Kerbela olayını inancın önemli bir öğesi yapan da budur. Oysa aynı kesitte İslam içinde birbirinden farklı ve çok ilginç savaşlar yaşanmıştır. Ama Kerbela hepsinden ayrı bir yer alır, bilinçaltımıza yerleşir ve bugün hiç ilgisi olmayan kızıldere olayıyla ortak paydada buluşur. Maraton savaşının zaferle, Kerbela’nın ve Kızıdere’nin katliamla sonuçlanması bu sonucu değiştirmez. Tarihte bu güne gelen gerçek, galibiyeti ve mağlubiyetiyle insanlığın yararlanabileceği ve her çağ için geçerli olan tutumlardır. Duruştur. Bunlar da direnmede anlamını bulur. (Kerbela savaşı, 10 Ekim 680. Hicri:10 Muharrem 61)
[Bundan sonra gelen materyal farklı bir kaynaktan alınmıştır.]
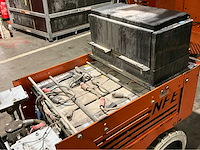 2020 national flooring equipment 5700 bol opzit accu tapijt / vloerstripper - afbeelding 7 van  20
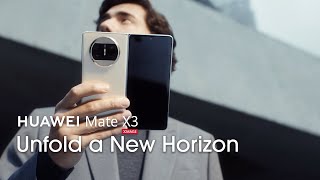 #HUAWEIMateX3 Unfold your horizon with ease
Tarihin yeni kesitlerinde ise Leningrad’ın Naziler tarafından kuşatmasına karşı direnişi anmadan geçemeyiz. 14 Temmuzda Leningrad kapılarına dayanan Alman Nazi ordusu, 8 Eylül 1941’de şehri tamamen kuşatmıştı. 900 gün süren Sovyet halkının destansı savunmasıyla, bu zalim kuşatma 27 Ocak 1944 kırılmıştı. Bu ünlü kent, Naziler tarafından ablukaya alınır alınmaz “yeryüzünden silinmek üzere” bombardıman altında tutulur. İki milyon ölüye, yokluklara, imkansızlıklara ve zorluklara rağmen halkın gösterdiği direnme, dayanışma ve kararlı duruş iradesiyle Naziler diz çökmüştür. Stalingrad savunması ise aynı direnmenin zaferiyle sonuçlandı. Stalingrad zaferi, faşizmin tarihe gömülmesine yol açan kapıları araladı (21 Ağustos 1942 – 2 Şubat 1943 Stalingrad).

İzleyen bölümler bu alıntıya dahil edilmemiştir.